工場を後にし、4代目に教えてもらった吉本のとなりにあるたこ焼き屋「わなか」へと向かった。地下鉄の最寄り駅を降りてから吉本の劇場まで、歩いて10分くらいの距離なのだが、すでに4、5軒のたこ焼き屋を通り過ぎている。どれもうまそうだったが目的地までは、と思いがまんした。
数あるたこ焼き屋の中で一番列が長かったのがやはりこちら「わなか」だった。真夏の炎天下なのだが、あつあつのたこ焼きを食べたいが為にたくさんの人が並んでいるのだ。
一階のオープンテラス(露天ともいう)で買ったたこ焼きは冷房の効いた2階席でも食べることが出来るのがありがたい。
「わなか」の鉄板はかなり使い込まれて変色していたが、周囲のたたいた跡からして甲野製作所製の銅製に間違いないだろう。使い込んだプロ機材っぽさがかっこいい。
焼き手の従業員さんは一定のリズムで串を動かしたこ焼きを回していく。
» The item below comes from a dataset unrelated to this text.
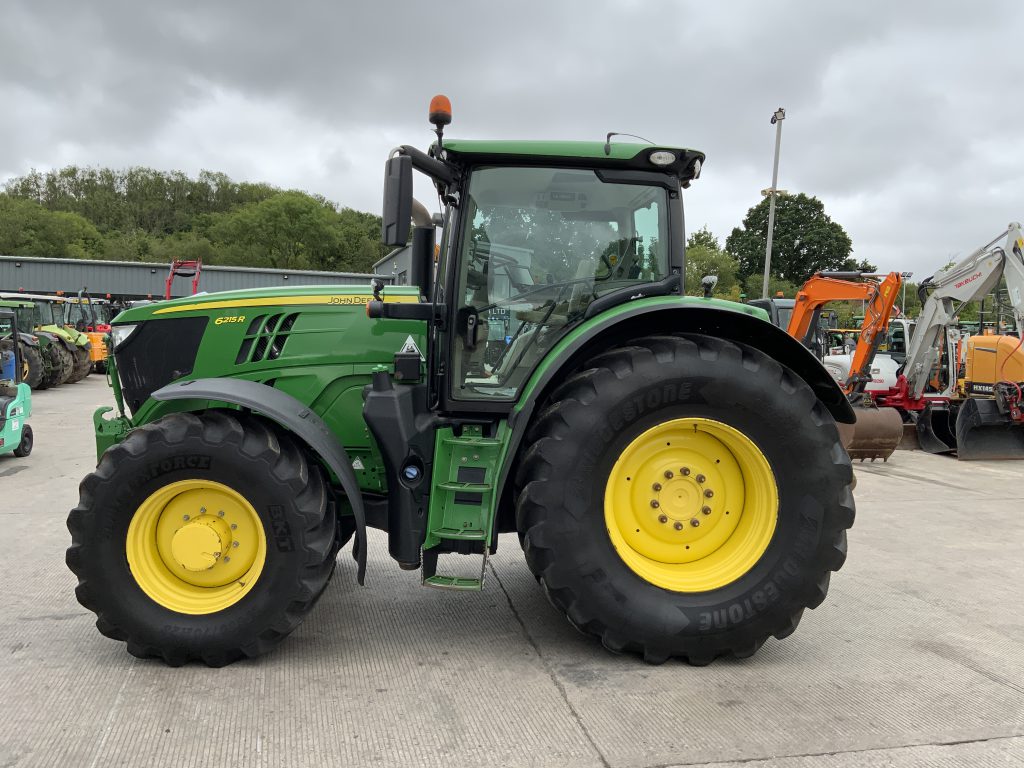 John Deere 6215R Tractor (ST23353)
このお店はいったい一日に何個のたこ焼きを焼くのだろう。それを想定してヘビーユースに耐えうる銅板をたたき出すのはやはりたいへんなプレッシャーだろうなと思った。
「わなか」のちらしにもちゃんと「特性の銅板で一気に焼き上げます」と書かれていた。具材の注文販売も受け付けるが、お店では銅板を使っているので仕上がりに差が出ます、と書かれている。
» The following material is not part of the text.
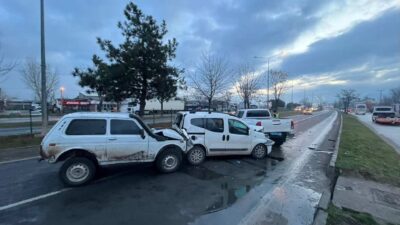 D-100 kara yolunun Bolu geçişinde 4 aracın karıştığı zincirleme trafik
「わなか」のたこ焼きは表面がかりっと、中はとろっとしたまさに理想のたこ焼きだった。一口ほおばると甲野製作所の二人が「ほれ、うまいだろう」とにやけているのが思い浮かんだ。ええ、まったくその通り、うまいです。
職人が支える技術でした
3代目が言っていた。
「たこ焼きも銅板も、人の手で作ったものが一番うまいんだ」 と。
職人の作る物には機械で作った均一の商品には出せない味がもしかしたらあるのかもしれない。しかし実際のところ、世の中の流れから銅製品の卸は年々減少しているのだとか。追い打ちをかけるように銅の原価は毎年倍々に値上がっている。
5代目はどうなるのですか、と聞くと「息子には継ぐなって言ってますよ」と4代目。10年後には職人の支えてきた世界は一変しているだろうと予想する4代目は、それでも今日も銅板をたたいているのだろう。これを書いていてまたたこ焼きが食べたくなってきました。